**Problem to solve:**
Once the line containing "2 件白色和粉色闪光蝴蝶结发" is reached in the listing below, reproduce it and all later lines through the final one exactly, but omit any pictures.

**Supplied material:**
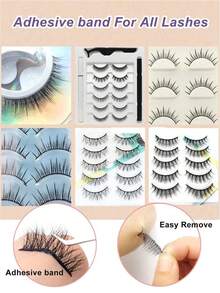 40Pcs Glueless Fake Eyelashes Self Adhesive Strip, No Glue Needed, DIY Black Strips, Waterproof, Reusable & Lasting Stickiness, Lash Extension Tools, Self Adhesive Lash Strips, Lash Glue Replacement,Glue-Free Eyelash,Makeup Tools, Glue Strips False Eyelashes - Multicolor - View 3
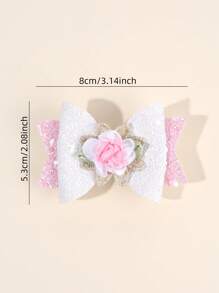 2 件白色和粉色闪光蝴蝶结发夹，仿真花压缩夹配饰发饰蝴蝶结，可爱发饰，适合女孩青少年派对夏季礼物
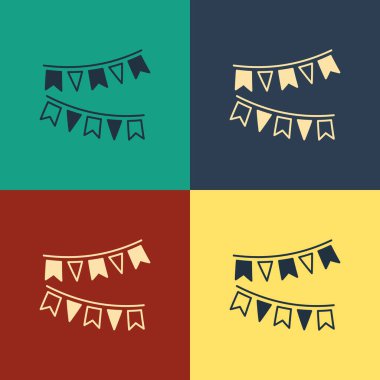 Renk arka planda izole bayraklar simgesi ile Renk Carnival çelenk. Doğum günü kutlaması, festival ve adil dekorasyon için parti pennants. Vintage tarzı çizim. Vektör İllüstrasyonu
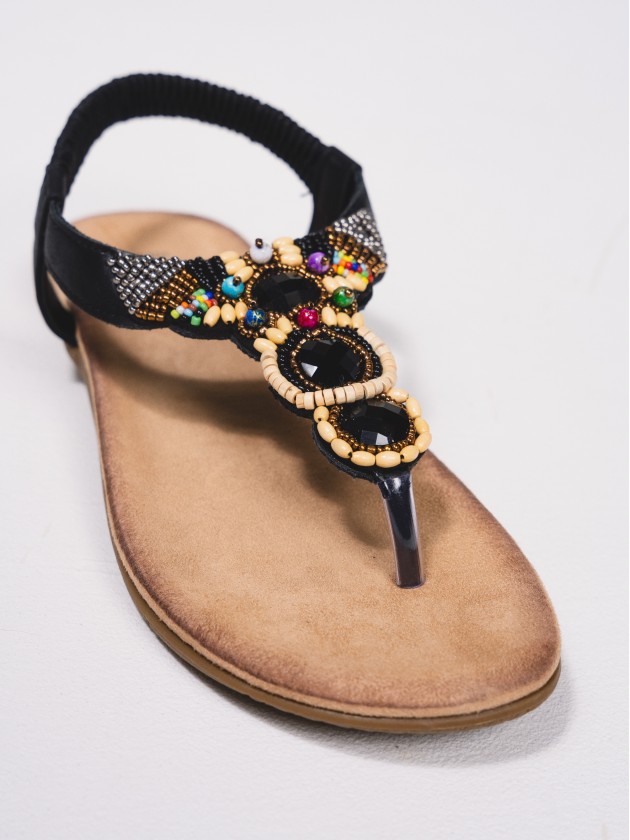 Sandales ouvertes avec perles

**Your response:**
 2 件白色和粉色闪光蝴蝶结发夹，仿真花压缩夹配饰发饰蝴蝶结，可爱发饰，适合女孩青少年派对夏季礼物
 Renk arka planda izole bayraklar simgesi ile Renk Carnival çelenk. Doğum günü kutlaması, festival ve adil dekorasyon için parti pennants. Vintage tarzı çizim. Vektör İllüstrasyonu
 Sandales ouvertes avec perles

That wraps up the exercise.